BEMIDJI - The humidity was nearly oppressive Thursday afternoon, but the water breaks were relatively few.

About 60 tennis players in grades six through eight took to the tennis courts with glee. They were having too much fun for water breaks.

Kyle Fodness had to order them to stop playing and hydrate.

“Quick water break, quick water break, guys! Don’t forget to hydrate!”

The kids were busy playing some mini-games as they took their final swings of the summer as part of the Bemidji Tennis Foundation’s summer-tennis program.

The long-running program has seen a significant uptick in participation in the five years that Fodness has been the director of the youth summer tennis program.

“For this year, we had about 125 kids, which is still up a little bit,” Fodness said. “This year, we expanded to first grade. And we’ve been going so well the past few years that we’ve been able to add a few more coaches. I’ve done this for five years and every year we’ve done it, we’ve added about 15 kids.”

This year, the program had a little more than 60 kids in the elementary school (grades one through five) program and a little less than 60 in the middle school program.

There’s also a high school summer tennis program, which is mainly for players on the Bemidji High School team.

Fodness, who is also the head coach for the Bemidji Middle School team in addition to helping out with the BHS and Bemidji State teams on a volunteer basis, is a former BMS and BHS tennis player who came up in the summer tennis program.

Back then, it was run by longtime coach Pete Sullivan. He recently retired from teaching and coaching and Fodness has taken over.

“Pete did such a great job with it. I remember I really enjoyed the summer program back when I played, so I want it to continue to grow for other kids who are interested in playing tennis,” Fodness said.

The summer tennis program is run by the Bemidji Tennis Foundation, which is a nonprofit dedicated to helping the Bemidji-area tennis community grow.

Kyle’s dad Mark Fodness, who is the head coach for the BHS boys and girls tennis teams and the BSU women’s team, oversees Bemidji Tennis.

“The sole purpose of Bemidji Tennis is to support the tennis programs in the schools,” Mark Fodness said. “I think there’s a lot of room there to make both programs even better than they are now.”

Kyle Fodness said that any profits the summer and offseason program makes go back into the school tennis teams.

“The biggest thing is we can have equipment for kids that don’t have a racquet, don’t have equipment or if they can’t pay the fee,” he said. “We can support them and make sure the money isn’t a hindrance to them.”

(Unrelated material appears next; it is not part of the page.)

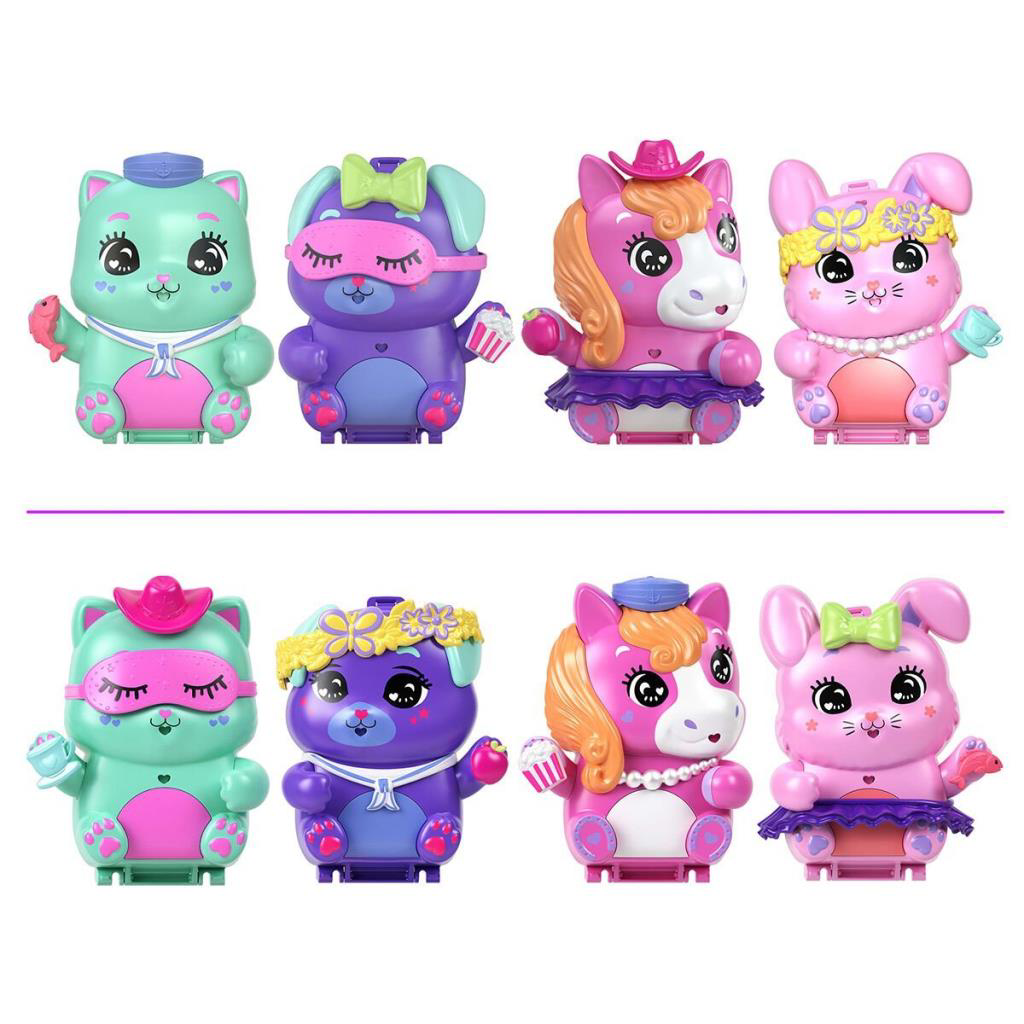Nessiworld JCR39 Polly Pocket Midilliyle Rodeo Heyecanı Mikro Oyu Nessiworld JCR39 Polly Pocket Midilliyle Rodeo Heyecanı Mikro Oyu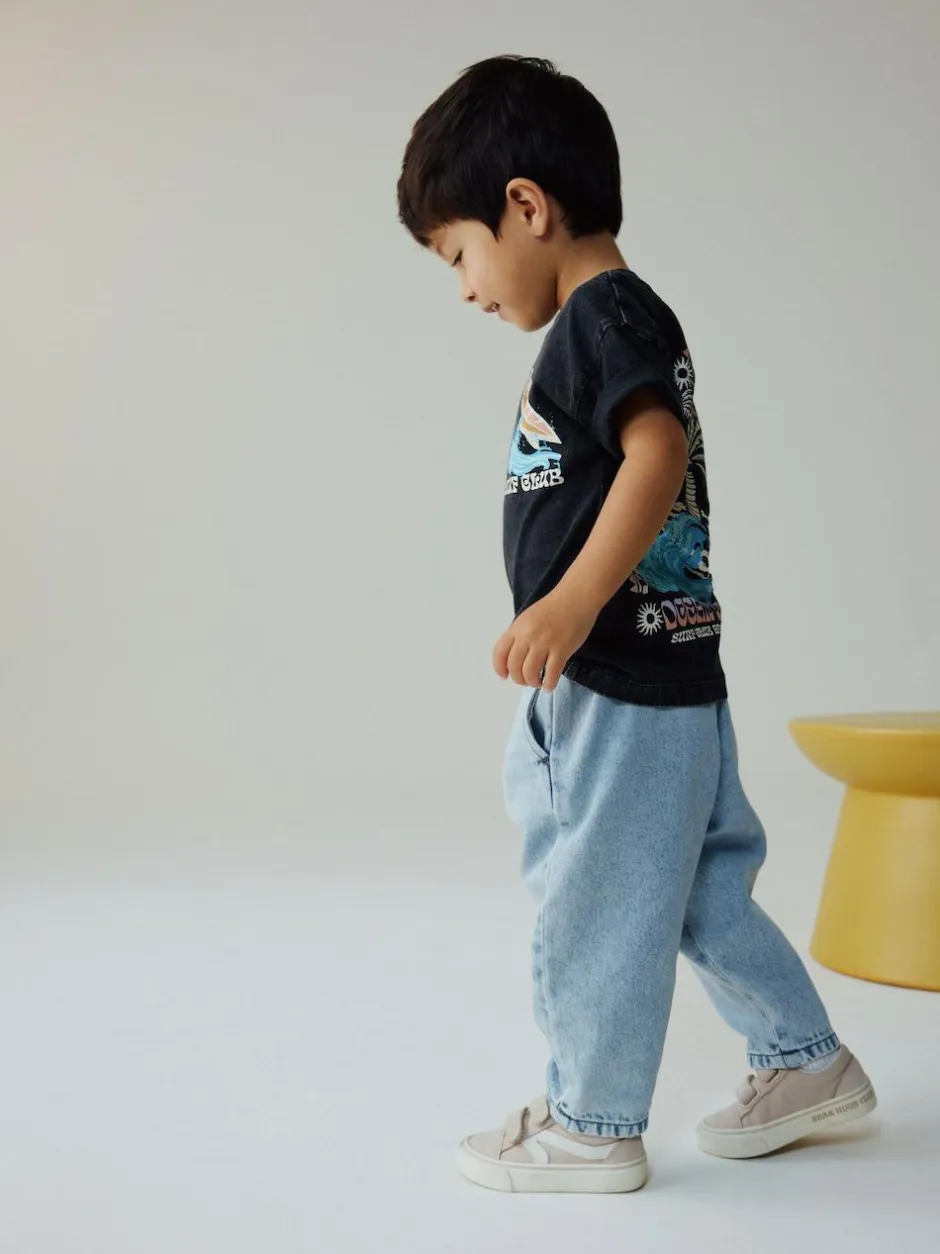 Next Barrel Jeans (3mths-7yrs) Light Blue Best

The coaching staff for the summer program is filled with former Bemidji tennis players currently playing in college as well as members of the BSU team that stick around in the summer.

“The more kids we have, the more coaches we can have and any time you can keep that ratio low it’s really nice,” Fodness said. “And one of the really nice things since my dad started coaching the college is that connection with BSU. We’re able to get some top players to hit with and play against for those that want a little more competition.”

Although the summer program is something of a “farm team” for both the high school and middle school programs, Fodness said his main goal is simply to get more people playing the sport.

“The nice thing about tennis is, even if you have someone that doesn’t want to play tennis in high school, they come out here and remember, ‘Hey, for three years, I had a blast playing tennis and I can play until I’m 85,’” Fodness said. “It’s an easy pitch to make to kids and parents. You come and play for a summer, you learn how to do it, you can do it forever. You don’t have to play in high school, or in middle school you can just play for fun.”